## Task
Leave out all images and set down the records exactly as given.

(Items from a dataset)
# # # #

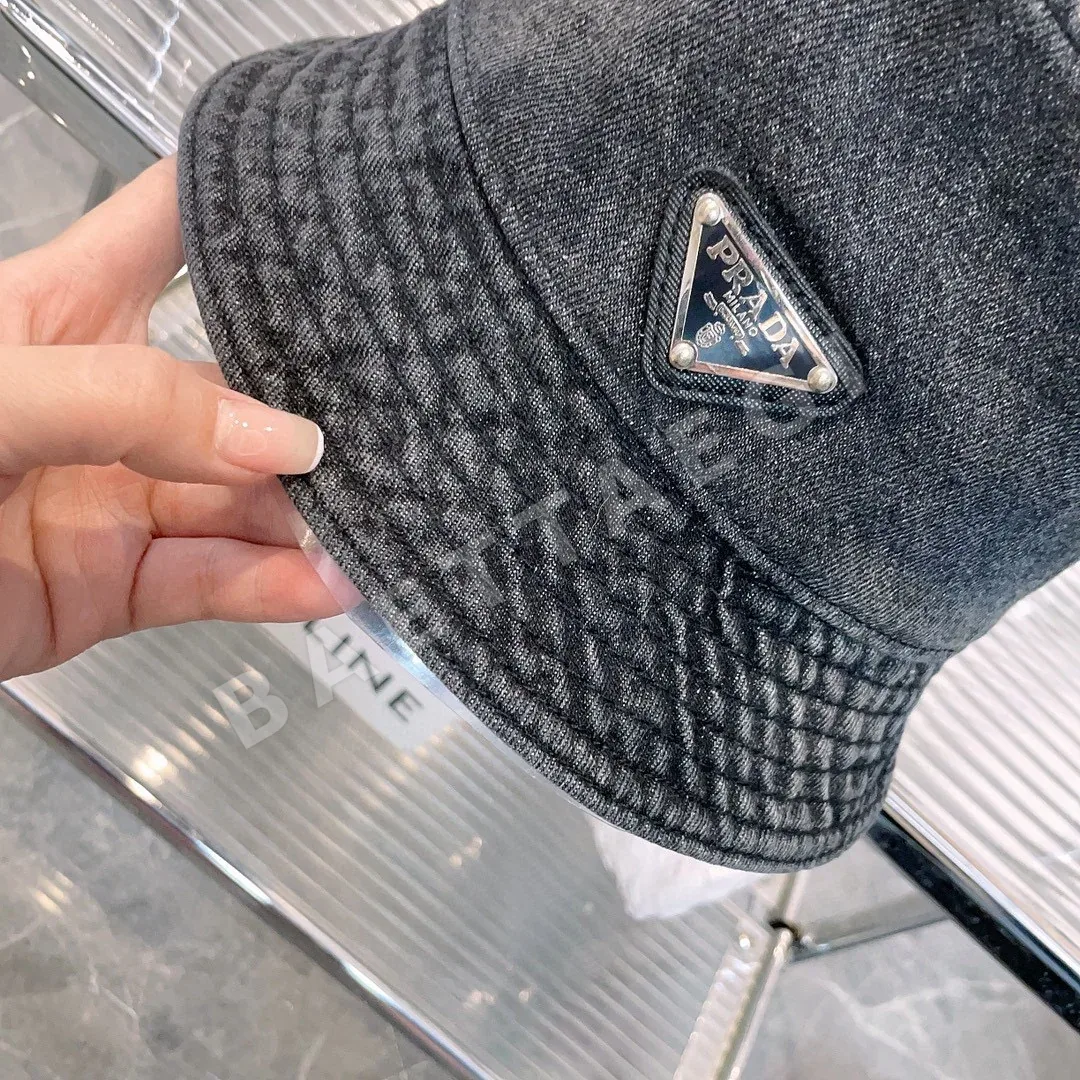 프라다 타이다이 데님 버킷 햇 상세 이미지 6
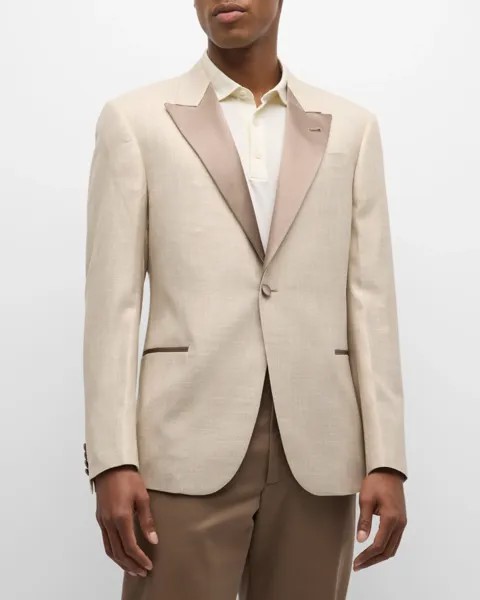 Мужская смокинг с остроконечными лацканами Emporio Armani, цвет Beige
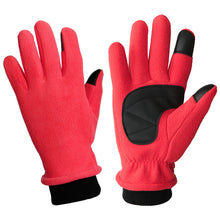 Load image into Gallery viewer, Warm Gloves Autumn and Winter Outdoor Men and Women Touch Screen Windproof Fleece Gloves
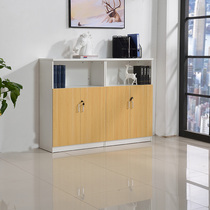 Kai Bo office furniture file cabinet short Cabinet Office file data locker wooden household with lock cabinet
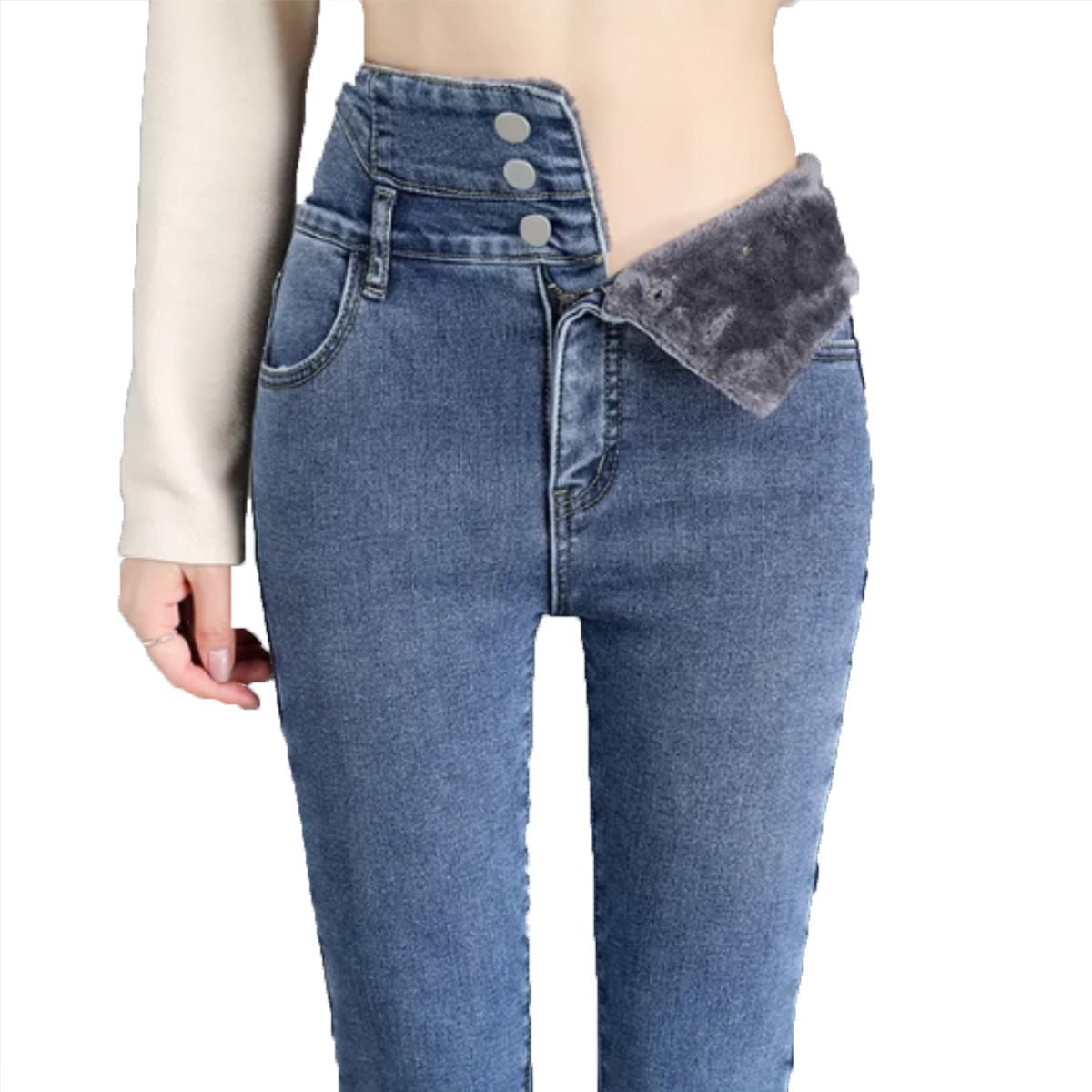 1+1 Gratis | Ricarda™ - Skinny-Jeans aus Fleece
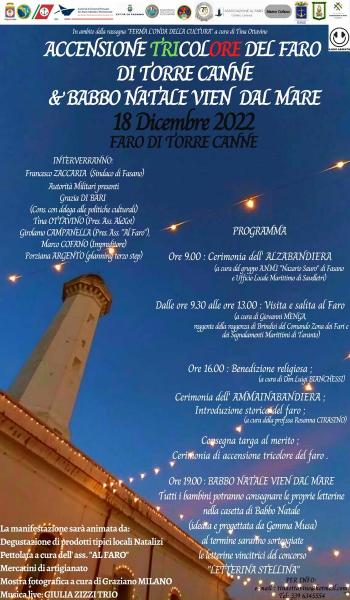 ACCENSIONE TRICOLORE DEL FARO DI TORRE CANNE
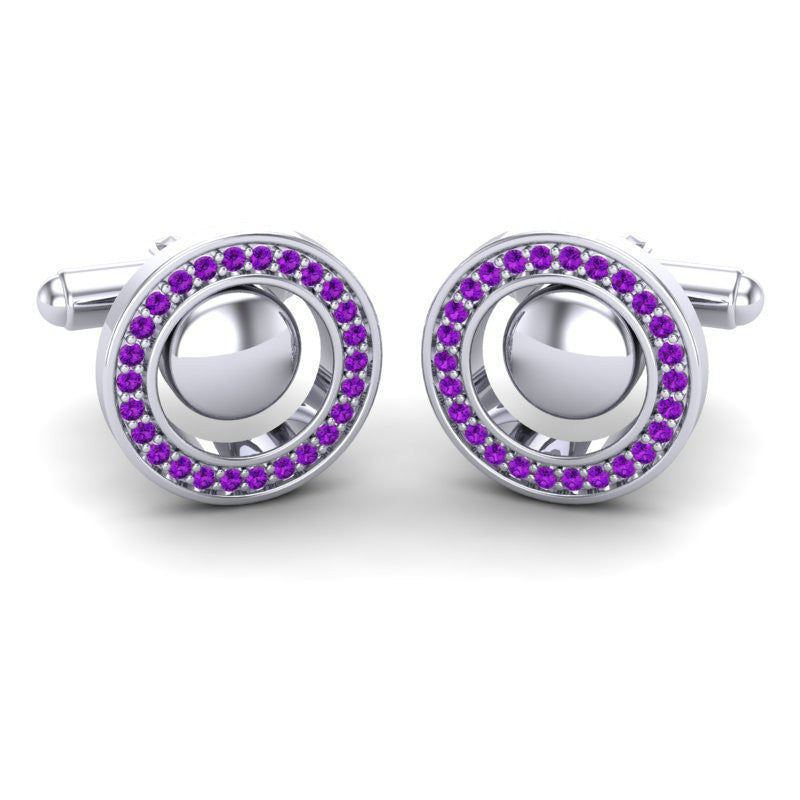 Amethyst Cufflinks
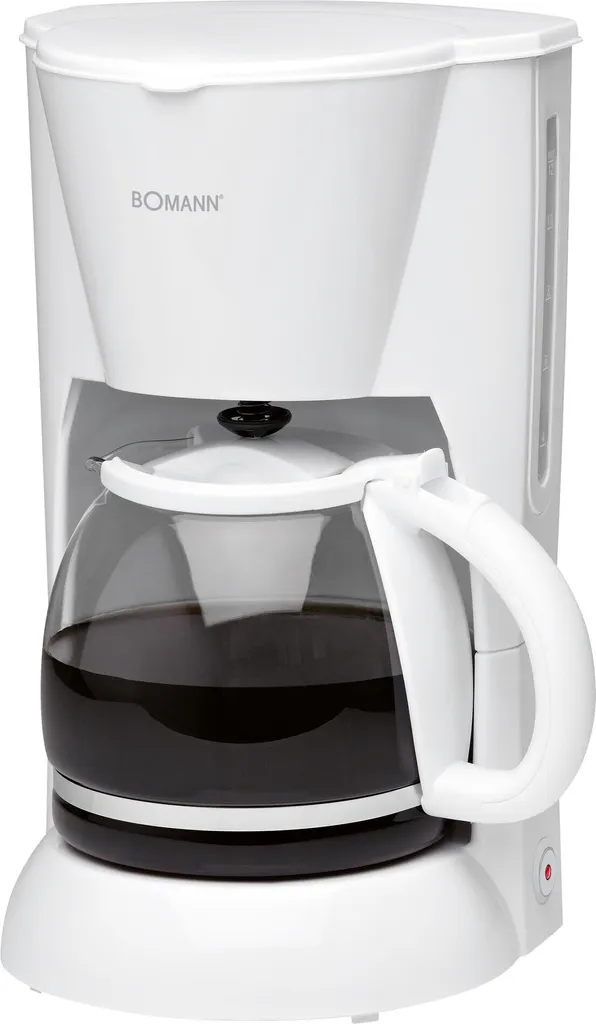Bomann coffee maker for 12-14 cups of coffee | approx. 1.5 liter capacity | warming plate with automatic shut-off | 900 W | KA 183 CB white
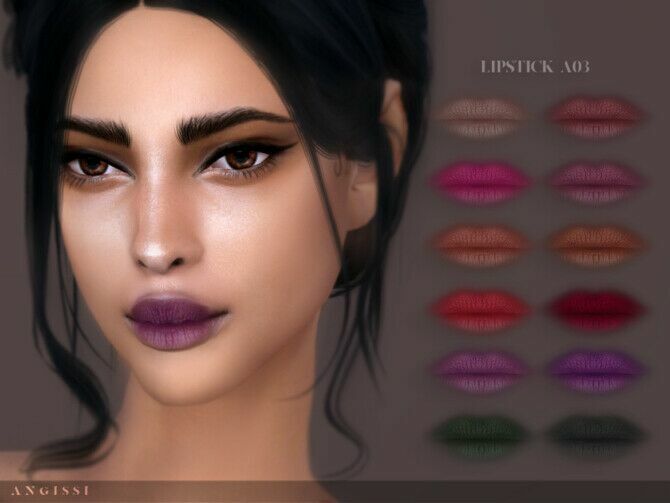 Lipstick A03 By Angissi Sims 4 CC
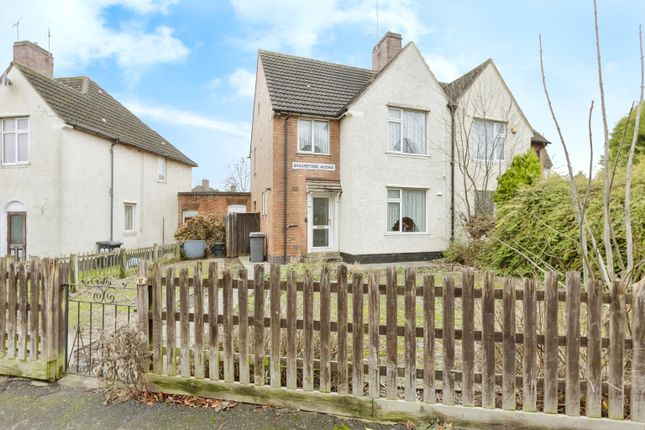 Thumbnail Semi-detached house for sale in Braunstone Avenue, Leicester, Leicestershire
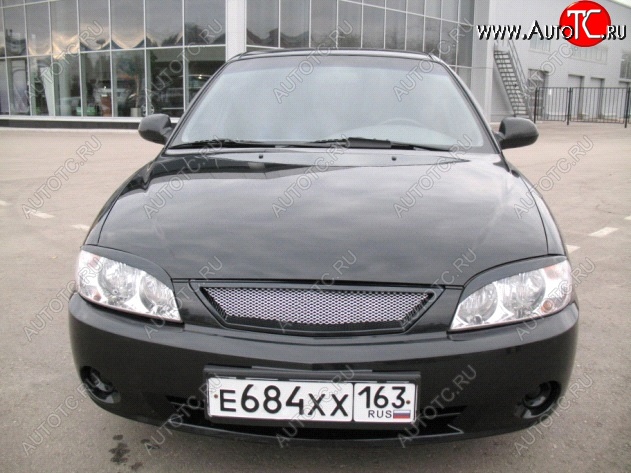 699 р. Реснички на фары Фанат KIA Spectra (2000-2009) (Неокрашенные)  с доставкой в г. Керчь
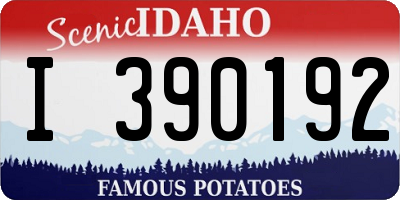 ID license plate I390192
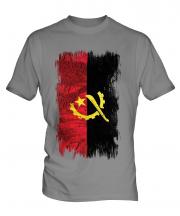 Angola Grunge Flag Mens T-Shirt
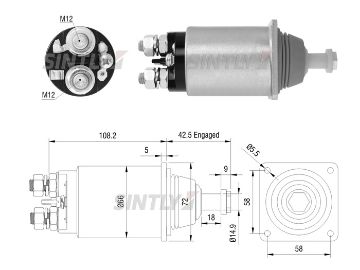 ZM-1833,CARGO-233584,ERA-227123,WOODAUTO-BOS2339403007,SND11042,BOSCH-2.339.403.007,SCANIA-1405978,1405978,WAI / TRANSPO-66-91252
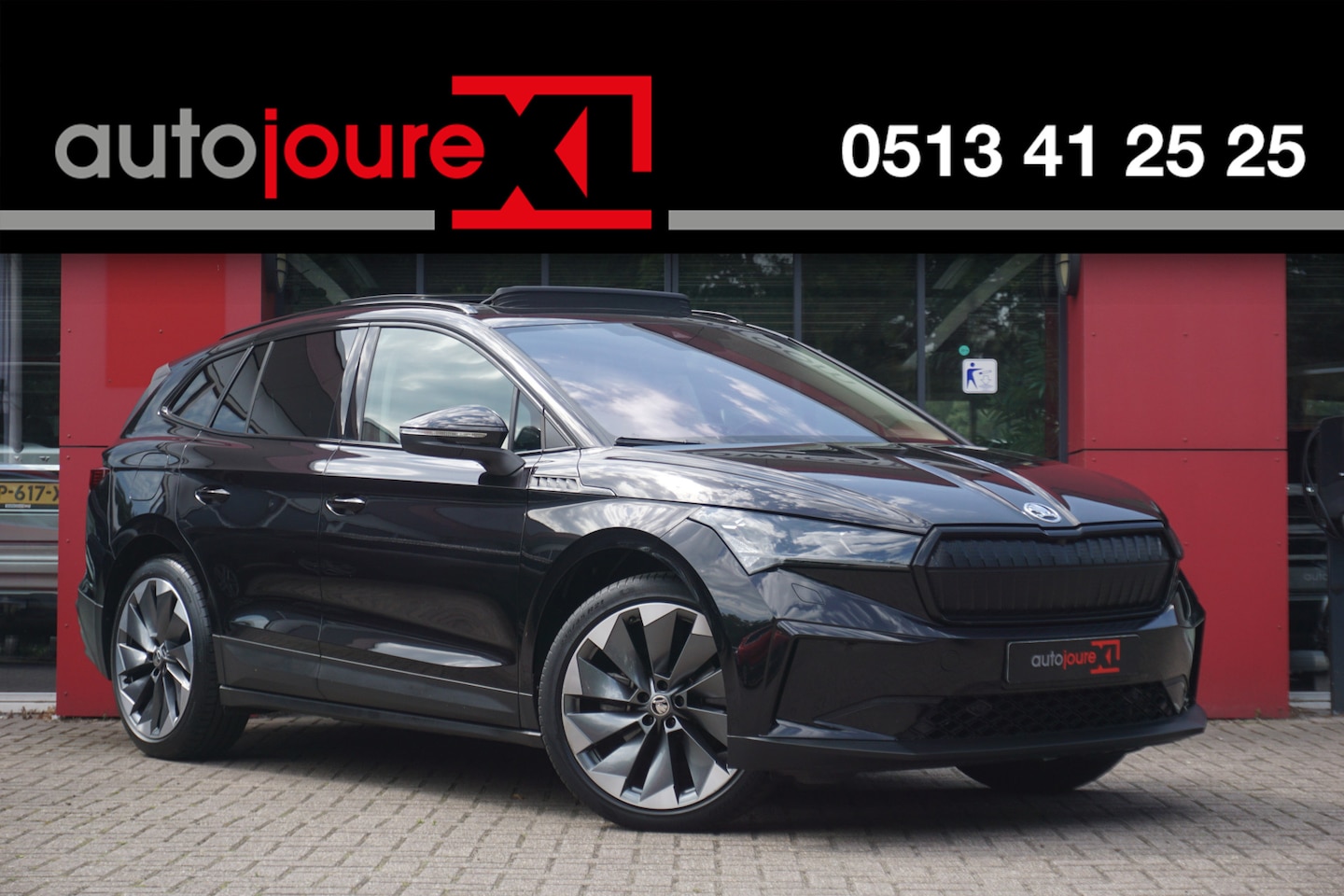 Skoda Enyaq iV - 60 | Black Line | Schuifdak | Leder | Pack Winter | Origineel NL | - AutoWereld.nl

# # # #

## Reply
 프라다 타이다이 데님 버킷 햇 상세 이미지 6
 Мужская смокинг с остроконечными лацканами Emporio Armani, цвет Beige
 Load image into Gallery viewer, Warm Gloves Autumn and Winter Outdoor Men and Women Touch Screen Windproof Fleece Gloves
 Kai Bo office furniture file cabinet short Cabinet Office file data locker wooden household with lock cabinet
 1+1 Gratis | Ricarda™ - Skinny-Jeans aus Fleece
 ACCENSIONE TRICOLORE DEL FARO DI TORRE CANNE
 Amethyst Cufflinks
Bomann coffee maker for 12-14 cups of coffee | approx. 1.5 liter capacity | warming plate with automatic shut-off | 900 W | KA 183 CB white
 Lipstick A03 By Angissi Sims 4 CC
 Thumbnail Semi-detached house for sale in Braunstone Avenue, Leicester, Leicestershire
 699 р. Реснички на фары Фанат KIA Spectra (2000-2009) (Неокрашенные)  с доставкой в г. Керчь
 ID license plate I390192
 Angola Grunge Flag Mens T-Shirt
 ZM-1833,CARGO-233584,ERA-227123,WOODAUTO-BOS2339403007,SND11042,BOSCH-2.339.403.007,SCANIA-1405978,1405978,WAI / TRANSPO-66-91252
 Skoda Enyaq iV - 60 | Black Line | Schuifdak | Leder | Pack Winter | Origineel NL | - AutoWereld.nl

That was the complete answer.